I. The interest after one year was Rs. $100$ and the sum was Rs. $1000$.
II. The difference between simple and compound interest on a sum of Rs. $1000$ at the end of $2$ years was Rs. $10$.


A) I alone sufficient while II alone not sufficient to answer

B) II alone sufficient while I alone not sufficient to answer

C) Either I or II alone sufficient to answer

D) Both I and II are not sufficient to answer

E) Both I and II are necessary to answer

Answer:

Option C

Explanation:

I. gives : $P$ = Rs. $1000$ and $S.I$ for $1$ year = Rs. $100$.

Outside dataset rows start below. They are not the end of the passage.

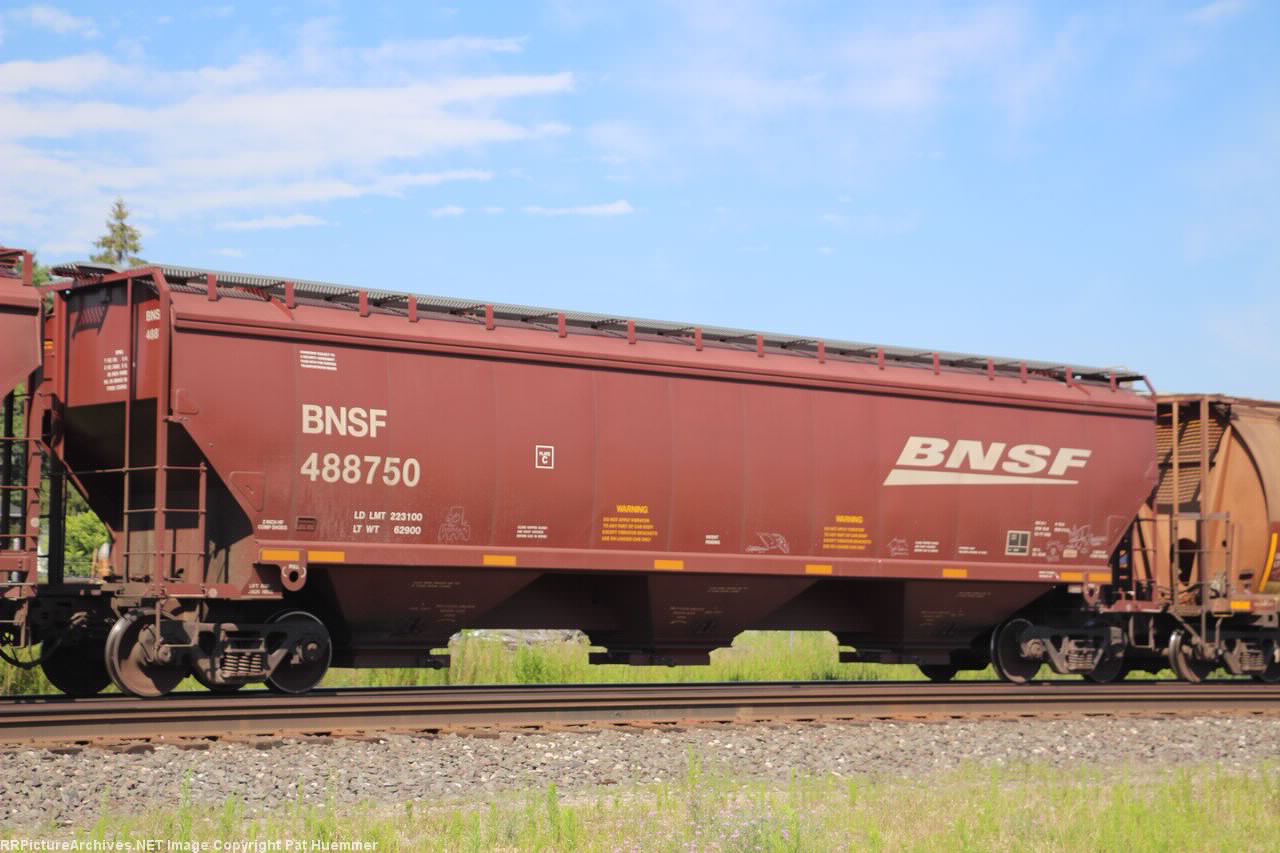 BNSF 488750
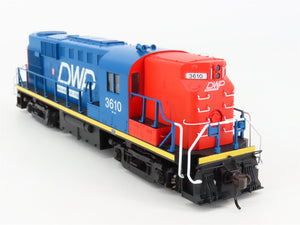 HO Atlas Classic 8784 DWP 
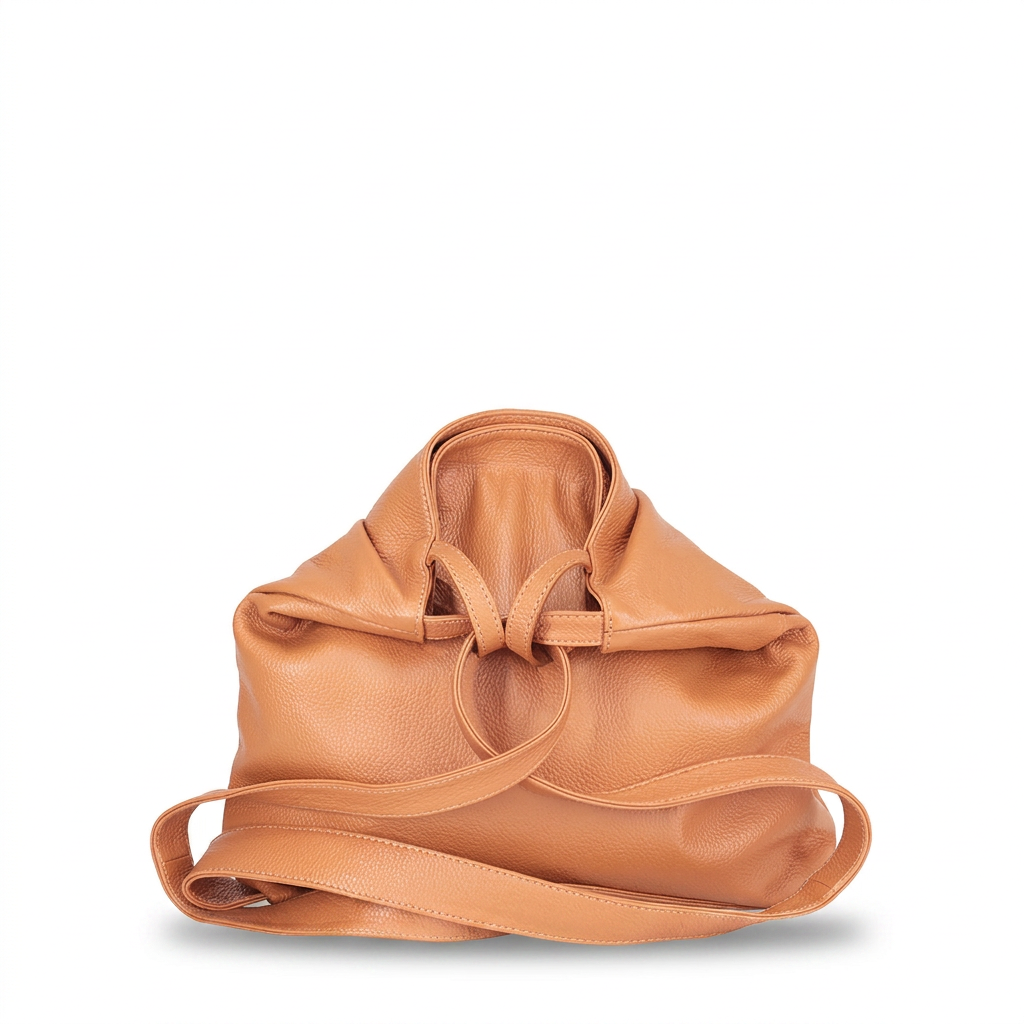 BORSA A SPALLA TRASFORMABILE IN ZAINO GRANDE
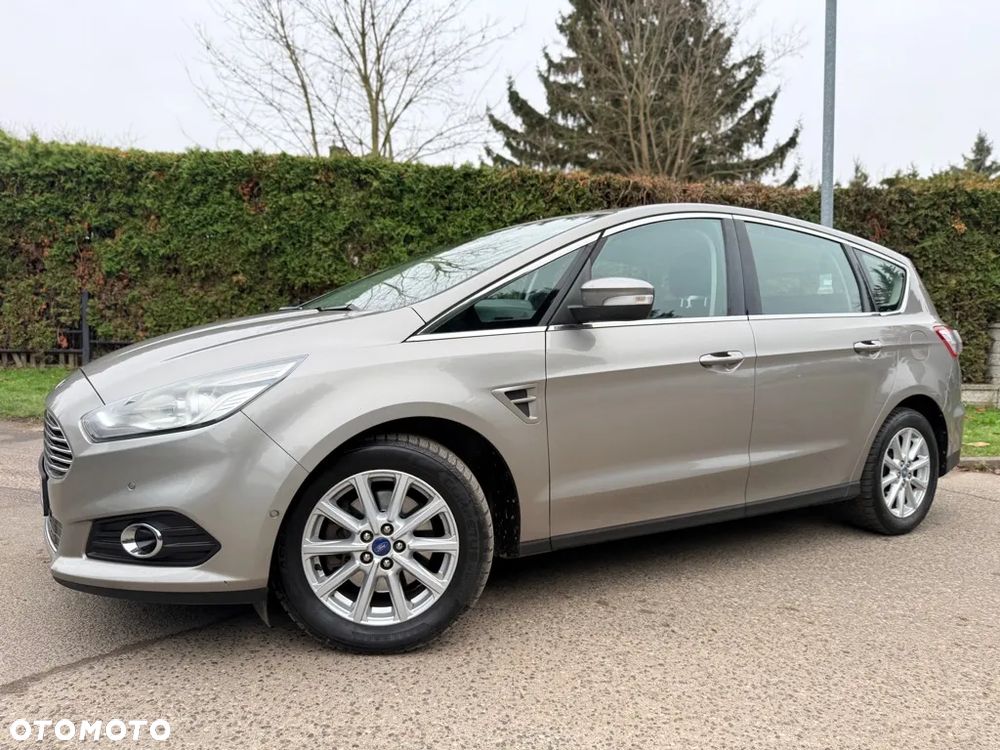 Ford S-Max 2.0 TDCi Titanium - 15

$\therefore$ Rate $=\frac{100\times S.I.}{P\times T}$

$=\frac{100\times 100}{1000\times 1}$ $=10\%$ p.a.

Thus, $P$ = Rs. $1000$,$T=3$ years and $R=10%$ p.a.

$\therefore$ $C.I.$ may be obtained.

II. Sum = Rs. $1000$,$(C.I.)-(S.I.)$ for $2$ years = Rs. $10$.

Let the rate be $R\%$ p.a.

$1000\times\left[\left(1+\frac{R}{100}\right)^{2}-1\right]$ $-\left(\frac{1000\times R\times 2}{100}\right)$ $=10$.

From this, we can find $R$.

Thus $P$, $T$ and $R$ are given and therefore, $C.I$ may be calculated.

Thus, I alone as well as II alone is sufficient to get the answer.

$\therefore$ Correct answer is (C).